The Companys response is as follows:
In 2008, we paid $74,178 in fees to the law firm of Tummelson Bryan & Knox, LLP for legal services provided by that firm to the Company and its subsidiaries. Mr. Knox, a director of the Company, is a partner of that firm. In the Companys proxy statement, we did not include the amount paid to the law firm in Mr. Knoxs compensation because the fees were for legal services performed and were not paid directly to Mr. Knox. We believe that such payments should be excluded from the compensation reported because they were not compensation to the director, perquisites or other personal benefits, consulting fees, or any other type of payment that is specifically set forth in Item 402(k)(2)(vii) of Regulation S-K and its instructions. The Company will continue to monitor its payments to Tummelson Bryan & Knox, LLP and, pursuant to Item 402(k)(2) of Regulation S-K, the Company will report in its future proxy statement any reportable compensation paid to Mr. Knox.

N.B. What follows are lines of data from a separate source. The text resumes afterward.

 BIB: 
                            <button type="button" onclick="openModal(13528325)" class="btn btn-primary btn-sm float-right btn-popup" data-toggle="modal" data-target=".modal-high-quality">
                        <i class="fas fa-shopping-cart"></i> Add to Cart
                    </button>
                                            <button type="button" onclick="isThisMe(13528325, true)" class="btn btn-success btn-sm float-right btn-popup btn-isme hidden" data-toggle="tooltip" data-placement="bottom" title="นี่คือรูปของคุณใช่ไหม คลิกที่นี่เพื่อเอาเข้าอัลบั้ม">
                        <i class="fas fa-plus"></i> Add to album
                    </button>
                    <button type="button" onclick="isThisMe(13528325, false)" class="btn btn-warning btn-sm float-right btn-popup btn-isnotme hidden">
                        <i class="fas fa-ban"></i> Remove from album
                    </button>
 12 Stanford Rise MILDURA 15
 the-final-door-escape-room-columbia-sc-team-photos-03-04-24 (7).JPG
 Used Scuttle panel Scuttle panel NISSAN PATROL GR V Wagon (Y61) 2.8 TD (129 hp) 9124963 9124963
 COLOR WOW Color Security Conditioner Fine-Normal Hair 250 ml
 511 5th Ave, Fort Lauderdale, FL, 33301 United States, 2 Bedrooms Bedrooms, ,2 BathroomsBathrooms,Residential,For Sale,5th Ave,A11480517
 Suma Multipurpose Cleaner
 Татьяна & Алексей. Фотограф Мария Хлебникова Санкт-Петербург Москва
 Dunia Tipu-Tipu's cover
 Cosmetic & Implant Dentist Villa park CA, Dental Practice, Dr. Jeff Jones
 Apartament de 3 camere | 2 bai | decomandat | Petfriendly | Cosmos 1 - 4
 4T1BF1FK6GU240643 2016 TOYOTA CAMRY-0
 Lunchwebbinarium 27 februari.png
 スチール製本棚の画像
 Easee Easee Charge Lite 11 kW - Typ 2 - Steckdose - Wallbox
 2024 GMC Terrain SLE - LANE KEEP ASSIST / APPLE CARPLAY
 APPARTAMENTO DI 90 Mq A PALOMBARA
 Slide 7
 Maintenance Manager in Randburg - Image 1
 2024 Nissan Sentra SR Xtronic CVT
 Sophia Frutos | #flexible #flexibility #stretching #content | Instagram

In future filings we will add a footnote indicating that the amount listed in the compensation table excludes $XX,XXX of fees paid to Tummelson Bryan & Knox, LLP for legal services provided by that firm to the Company and its subsidiaries for legal. Mr. Knox is a partner in the law firm.
Participation in the Capital Purchase Program, page 14
6. Since you are participating in the Capital Purchase Program, please tell us if the Compensation Committee has certified that it has reviewed the Companys arrangements with its senior executive officers and your arrangements do not encourage them to take unnecessary and excessive action that could threaten the value of the institution.
The Companys response is as follows:
Under the current regulations promulgated by the U.S. Department of the Treasury, the Company, as a TARP recipient, is required to undertake at least once every six months beginning after September 14, 2009, a review and analysis of certain incentive compensation plans. The Companys Compensation Committee will be required to certify to this review and analysis in the Compensation Committee Report required pursuant to Item 407(e) of Regulation S-K under the federal securities law and to the Treasury. The Company will have its Compensation Committee provide such certification to its primary banking regulator prior to September 14, 2009. The Compensation Committee is aware of this requirement and is working with the Companys advisors to comply with the requirement within the established timeframes.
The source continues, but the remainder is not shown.